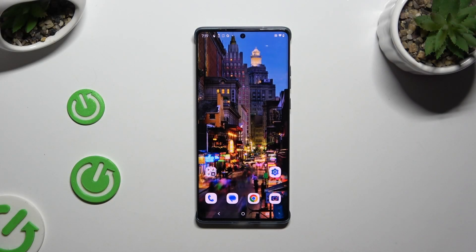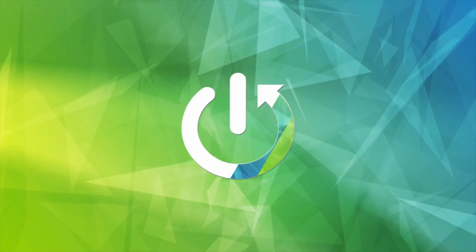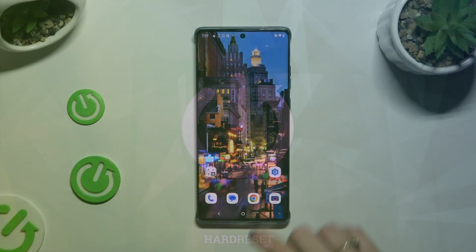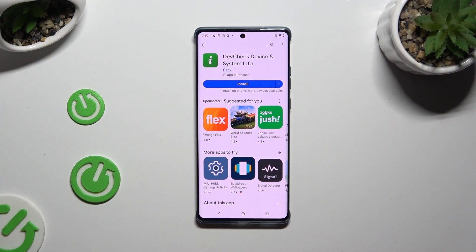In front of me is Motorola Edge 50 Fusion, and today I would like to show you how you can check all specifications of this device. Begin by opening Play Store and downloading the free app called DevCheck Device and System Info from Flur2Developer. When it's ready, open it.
::::::
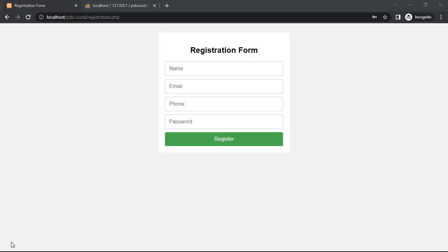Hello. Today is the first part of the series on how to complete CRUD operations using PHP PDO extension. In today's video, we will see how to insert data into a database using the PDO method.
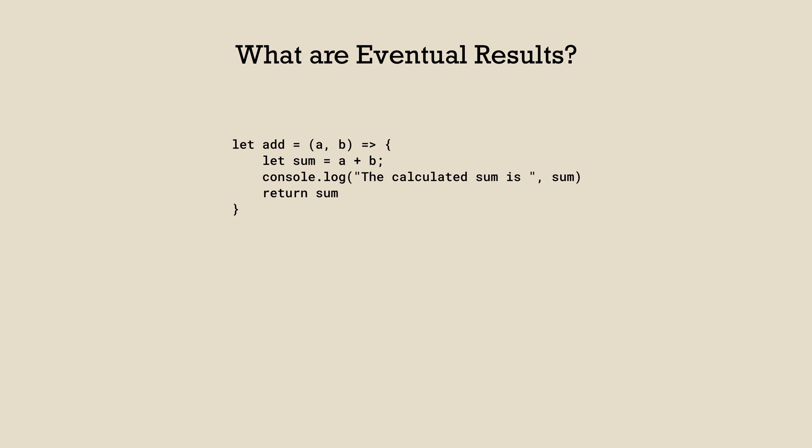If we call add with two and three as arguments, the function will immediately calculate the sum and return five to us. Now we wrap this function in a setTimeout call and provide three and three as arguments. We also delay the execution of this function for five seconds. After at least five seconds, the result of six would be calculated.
::::::
TASK
Leave out the images and write out the lines above exactly, from the one with "Hello. Today is" up to and including the one with "If we call add".

WRITTEN SOLUTION
Hello. Today is the first part of the series on how to complete CRUD operations using PHP PDO extension. In today's video, we will see how to insert data into a database using the PDO method.
If we call add with two and three as arguments, the function will immediately calculate the sum and return five to us. Now we wrap this function in a setTimeout call and provide three and three as arguments. We also delay the execution of this function for five seconds. After at least five seconds, the result of six would be calculated.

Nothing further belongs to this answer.